HYMN XVIII. Various Deities.

1. Go hence, O Death, pursue thy special pathway apart from that which Gods are wont to travel.
To thee I say it who hast eyes and hearest: Touch not our offspring, injure not our heroes.
2 As ye have come effacing Mrtyu's footstep, to further times prolonging your existence,
May ye be rich in children and possessions. cleansed, purified, and meet for sacrificing.
3 Divided from the dead are these, the living: now be our calling on the Gods successful.
We have gone forth for dancing and for laughter, tofurther times prolonging our existence.
4 Here I erect this rampart for the living; let none of these, none other, reach this limit.
May they survive a hundred lengthened autumns, and may they bury Death beneath this mountain.
5 As the days follow days in close succession, as with the seasons duly come the seasons,
As each successor fails not his foregoer, so form the lives of these, O great Ordainer.
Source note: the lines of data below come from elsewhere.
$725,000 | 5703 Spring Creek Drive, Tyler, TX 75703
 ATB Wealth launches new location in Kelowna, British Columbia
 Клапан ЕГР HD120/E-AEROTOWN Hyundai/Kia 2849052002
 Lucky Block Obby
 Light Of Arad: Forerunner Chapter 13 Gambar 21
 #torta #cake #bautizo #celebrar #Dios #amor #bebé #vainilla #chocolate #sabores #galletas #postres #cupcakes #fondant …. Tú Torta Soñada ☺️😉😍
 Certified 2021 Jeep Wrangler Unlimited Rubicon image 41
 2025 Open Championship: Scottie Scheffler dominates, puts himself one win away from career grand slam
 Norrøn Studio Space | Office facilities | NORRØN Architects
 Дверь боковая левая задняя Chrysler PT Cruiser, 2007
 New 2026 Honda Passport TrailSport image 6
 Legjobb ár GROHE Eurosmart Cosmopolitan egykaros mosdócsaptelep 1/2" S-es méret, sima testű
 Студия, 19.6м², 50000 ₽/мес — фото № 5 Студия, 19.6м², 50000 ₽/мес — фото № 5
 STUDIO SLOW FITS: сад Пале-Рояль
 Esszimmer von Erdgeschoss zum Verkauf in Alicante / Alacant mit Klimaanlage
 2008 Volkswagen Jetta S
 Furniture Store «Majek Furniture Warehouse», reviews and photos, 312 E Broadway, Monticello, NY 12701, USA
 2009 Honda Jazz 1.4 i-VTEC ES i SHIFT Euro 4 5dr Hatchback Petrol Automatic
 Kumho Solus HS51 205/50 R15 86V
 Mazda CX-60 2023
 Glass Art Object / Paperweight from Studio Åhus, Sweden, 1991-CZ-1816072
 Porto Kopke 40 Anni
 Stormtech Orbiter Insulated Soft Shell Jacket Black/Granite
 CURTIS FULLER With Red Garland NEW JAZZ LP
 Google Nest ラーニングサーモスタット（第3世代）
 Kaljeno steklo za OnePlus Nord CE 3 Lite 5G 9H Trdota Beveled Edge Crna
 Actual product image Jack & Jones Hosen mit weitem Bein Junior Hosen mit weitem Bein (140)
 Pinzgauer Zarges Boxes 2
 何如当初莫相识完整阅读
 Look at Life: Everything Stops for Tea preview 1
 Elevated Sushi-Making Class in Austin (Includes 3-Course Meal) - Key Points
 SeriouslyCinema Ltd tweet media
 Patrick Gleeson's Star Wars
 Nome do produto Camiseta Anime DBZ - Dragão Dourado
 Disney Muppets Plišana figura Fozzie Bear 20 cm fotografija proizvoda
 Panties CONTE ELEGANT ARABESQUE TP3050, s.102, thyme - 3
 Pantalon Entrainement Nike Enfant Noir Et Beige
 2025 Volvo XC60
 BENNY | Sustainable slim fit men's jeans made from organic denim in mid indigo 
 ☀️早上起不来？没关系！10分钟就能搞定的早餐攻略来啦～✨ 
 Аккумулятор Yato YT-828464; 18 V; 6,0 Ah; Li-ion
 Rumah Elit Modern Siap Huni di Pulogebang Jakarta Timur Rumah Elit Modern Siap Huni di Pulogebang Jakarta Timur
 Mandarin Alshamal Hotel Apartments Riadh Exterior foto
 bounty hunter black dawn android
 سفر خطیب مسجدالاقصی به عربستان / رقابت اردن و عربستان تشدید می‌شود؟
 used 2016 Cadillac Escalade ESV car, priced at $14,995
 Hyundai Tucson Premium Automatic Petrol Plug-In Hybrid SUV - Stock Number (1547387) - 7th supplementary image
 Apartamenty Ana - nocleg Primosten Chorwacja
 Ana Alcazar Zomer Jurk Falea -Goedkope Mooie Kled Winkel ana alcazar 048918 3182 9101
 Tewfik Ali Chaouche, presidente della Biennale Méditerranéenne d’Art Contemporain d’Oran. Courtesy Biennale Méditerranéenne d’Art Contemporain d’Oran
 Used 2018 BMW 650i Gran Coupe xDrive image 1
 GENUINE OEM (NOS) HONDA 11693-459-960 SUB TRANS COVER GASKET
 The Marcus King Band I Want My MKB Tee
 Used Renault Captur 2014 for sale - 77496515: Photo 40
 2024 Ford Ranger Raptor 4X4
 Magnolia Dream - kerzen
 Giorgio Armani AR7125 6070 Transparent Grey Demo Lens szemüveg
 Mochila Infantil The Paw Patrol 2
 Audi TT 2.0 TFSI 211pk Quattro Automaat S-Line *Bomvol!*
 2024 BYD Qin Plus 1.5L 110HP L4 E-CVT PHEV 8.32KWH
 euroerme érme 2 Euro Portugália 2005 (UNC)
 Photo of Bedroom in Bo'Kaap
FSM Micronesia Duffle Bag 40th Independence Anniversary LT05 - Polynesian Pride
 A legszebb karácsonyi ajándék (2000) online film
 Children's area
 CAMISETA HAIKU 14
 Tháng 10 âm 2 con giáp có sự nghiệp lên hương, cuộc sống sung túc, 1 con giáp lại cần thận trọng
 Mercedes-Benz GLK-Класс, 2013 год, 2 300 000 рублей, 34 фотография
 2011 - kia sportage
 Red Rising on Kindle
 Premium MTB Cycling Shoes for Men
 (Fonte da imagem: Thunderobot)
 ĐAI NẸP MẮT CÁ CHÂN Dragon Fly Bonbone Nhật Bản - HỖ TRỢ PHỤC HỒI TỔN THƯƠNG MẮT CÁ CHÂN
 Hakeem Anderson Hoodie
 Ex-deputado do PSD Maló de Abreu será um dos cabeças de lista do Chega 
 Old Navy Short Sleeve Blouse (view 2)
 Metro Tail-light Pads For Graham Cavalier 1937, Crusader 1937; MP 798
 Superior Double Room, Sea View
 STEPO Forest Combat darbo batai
6 Live your full lives ap! find old age delightful, all of you striving one behind the other.
May Tvaṣṭar, maker of fair things, be gracious and lengthen out the days of your existence.
7 Let these unwidowed dames with noble husbands adorn themselves with fragrant balm and unguent.
Decked with fair jewels, tearless, free from sorrow, first let the dames go up to where he lieth.
8 Rise, come unto the world of life, O woman: come, he is lifeless by whose side thou liest.
Wifehood with this thy husband was thy portion, who took thy hand and wooed thee as a lover.
9 From his dead hand I take the bow be carried, that it may be our power and might and glory.
There art thou, there; and here with noble heroes may we o’ercome all hosts that fight against us.
10 Betake thee to the Iap of Earth the Mother, of Earth far-spreading, very kind and gracious.
Young Dame, wool-soft unto the guerdongiver, may she preserve thee from Destruction's bosom.
11 Heave thyself, Earth, nor press thee downward heavily: afford him easy access, gently tending him.
Cover him, as a mother wraps her skirt about her child, O Earth.
12 Now let the heaving earth be free from motion: yea,—let a thousand clods remain above him.
Be they to him a home distilling fatness, here let them ever be his place of refuge.
13 I stay the earth from thee, while over thee I place this piece of earth. May I be free from injury.
Here let the Fathers keep this pillar firm for thee, and there let Yama make thee an abiding-place.
14 Even as an arrow's feathers, they have set me on a fitting day.
The fit word have I caught and held as ’twere a courser with the rein.

Next: HYMN XIX. Waters or Cows.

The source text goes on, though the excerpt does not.